Tuesday, October 29, 2019

Middle-Grade Graphic Novel Review: The Midwinter Witch

I enjoyed the third book, The Midwinter Witch, in Molly Knox Ostertag's fun middle-grade fantasy graphic novel series that began with The Witch Boy and The Hidden Witch. This action-filled book continues the exciting story about a family of witches.

Aster, the boy witch of the title of the first book in the series, is once again at the center of this story in which the family is traveling to the annual Midwinter Festival. His immediate family has mostly accepted that he is a rare male witch (and a good one, at that), but they are worried about what the extended family at the reunion will think. Aster wants to enter the Jolrun, a competition for young witches, and some family members are worried about how the rest of the group will respond to a boy in the traditionally all-female contest. Sure enough, some of Aster's older male cousins begin teasing him as soon as they arrive at the festival. Meanwhile, Aster's non-magical best friend, Charlie, gets permission from her fathers to go to the festival with Aster's family, and their other friend, Ariel, the newly-discovered witch from The Hidden Witch, also attends, though she is hiding a secret. Her long-lost Aunt Isabel contacts her through a dream and is trying to convince Ariel to train with her, instead of with Aster's family. She practices a dark magic, though, and Ariel is torn between the enticement of a stronger, more powerful magic and what she has been learning in her training with Aster's grandmother.
Sample page from The Witch Boy, with Aster and Charlie

As with the first two books in the series, The Midwinter Witch is filled with suspense and plenty of magical action to keep young readers rapt.

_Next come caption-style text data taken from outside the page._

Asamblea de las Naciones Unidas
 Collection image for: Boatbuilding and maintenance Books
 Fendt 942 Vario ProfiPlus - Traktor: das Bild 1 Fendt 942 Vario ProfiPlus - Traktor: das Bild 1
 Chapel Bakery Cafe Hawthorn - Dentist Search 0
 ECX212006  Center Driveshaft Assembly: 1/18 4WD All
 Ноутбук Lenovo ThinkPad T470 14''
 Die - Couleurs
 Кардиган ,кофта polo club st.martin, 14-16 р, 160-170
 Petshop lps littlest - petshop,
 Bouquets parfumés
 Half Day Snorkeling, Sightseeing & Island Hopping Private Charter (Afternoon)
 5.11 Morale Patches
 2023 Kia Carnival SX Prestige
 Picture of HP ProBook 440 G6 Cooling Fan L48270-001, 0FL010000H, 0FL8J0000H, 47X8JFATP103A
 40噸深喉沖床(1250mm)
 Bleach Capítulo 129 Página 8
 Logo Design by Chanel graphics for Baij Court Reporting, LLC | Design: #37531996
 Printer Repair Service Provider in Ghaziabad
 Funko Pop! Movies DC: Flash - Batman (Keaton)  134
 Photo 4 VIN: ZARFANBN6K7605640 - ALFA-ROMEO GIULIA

However, also in keeping with the rest of the series, there are plenty of real-life issues that kids will relate to, even if they're not witches or shape-shifters! Here, bullying, gender identity, figuring out who you are, and friendship are at the center of the kids' struggles, as well as making good choices and doing what's right, without harming others. Ostertag does a wonderful job of wrapping these serious topics up in a fun, supernatural tale, illustrated in bright, eye-catching colors with realistic-looking diverse characters. She combines fantastical magic and witchcraft with the ordinary fun of close friendships. I can't wait to see what's in store next for Aster, Charlie, Ariel, and the others!

202 pages, Graphix, an imprint of Scholastic

Disclosure: I received this book from the publisher in return for an honest review. My review is my own opinion and is not influenced by my relationship with the publisher or author.